*** Begin section ***

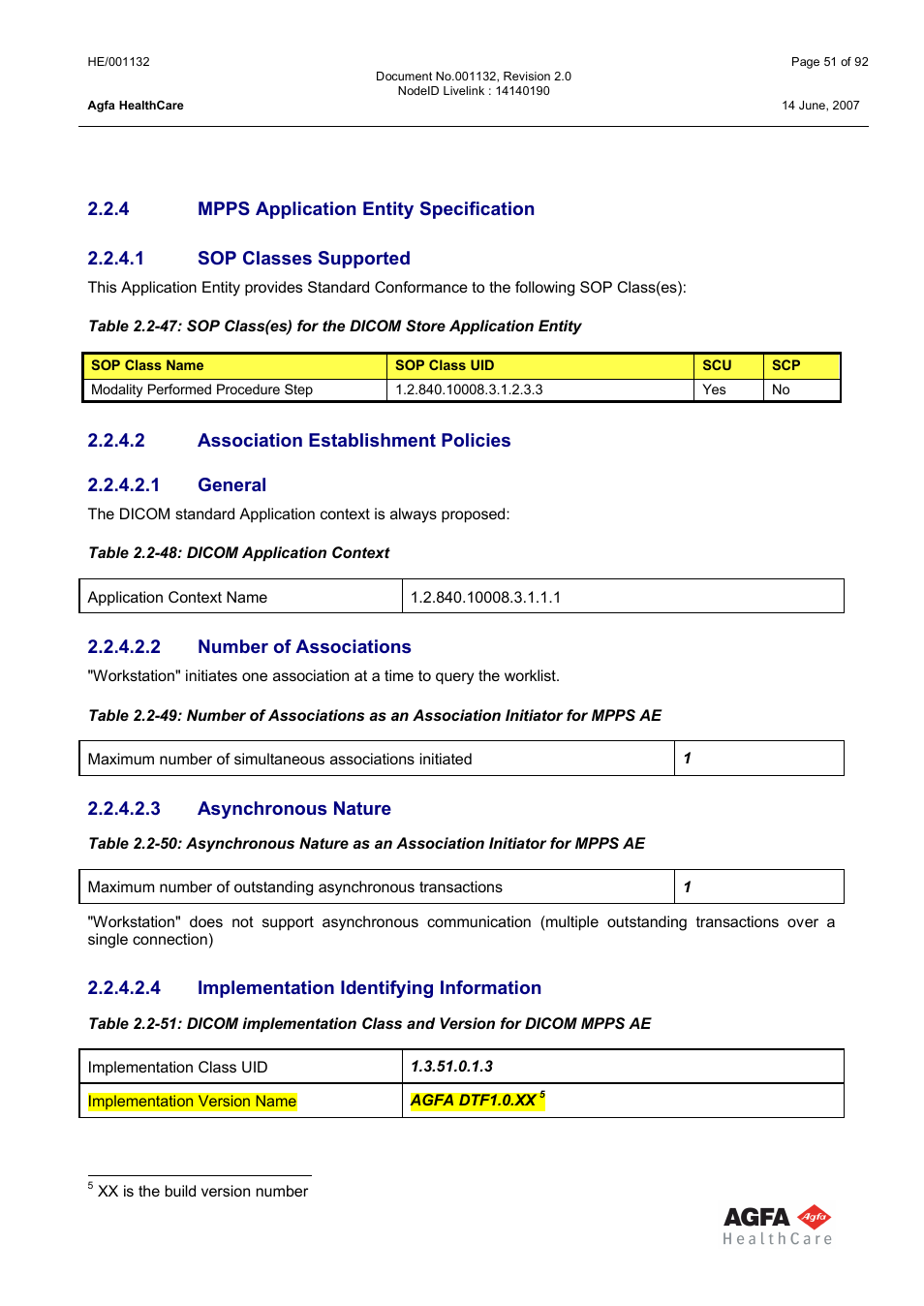 Mpps application entity specification, Sop classes supported, Association establishment policies | General, Number of associations, Asynchronous nature, Implementation identifying information | AGFA HE/001132 User Manual | Page 51 / 93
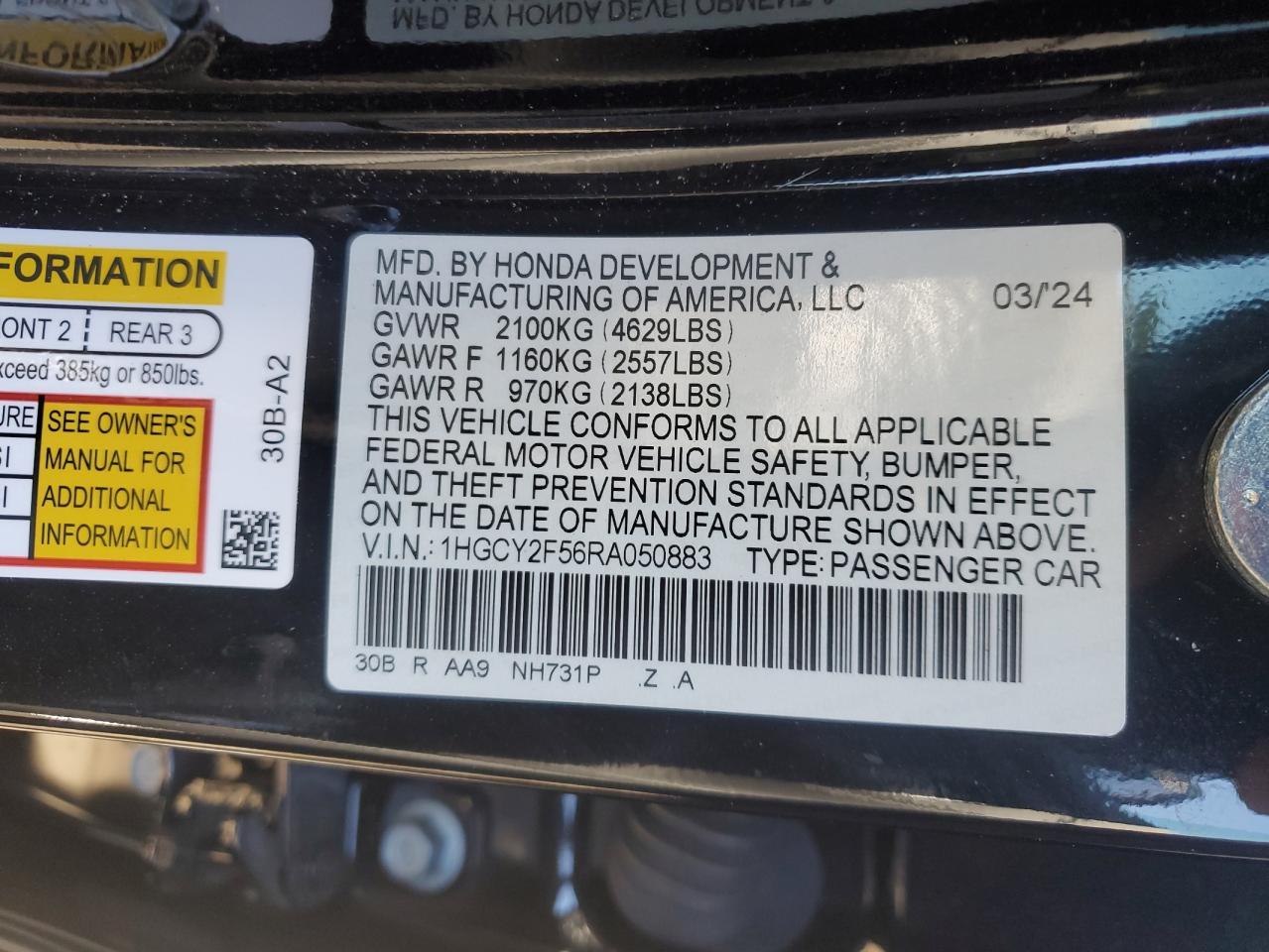 2024 HONDA ACCORD HYBRID SPORT VIN:1HGCY2F56RA050883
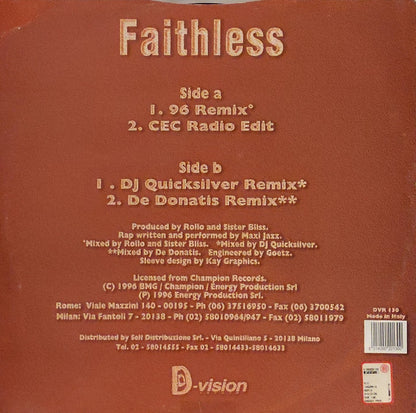 Faithless : Insomnia (Remix) (12")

*** End section ***

**YOUR TASK:** In the data, the line that contains "2024 HONDA ACCORD" begins the part to write out; restate it and each line after it word for word through the end, with no pictures.

**WRITTEN ANSWER:**
 2024 HONDA ACCORD HYBRID SPORT VIN:1HGCY2F56RA050883
 Faithless : Insomnia (Remix) (12")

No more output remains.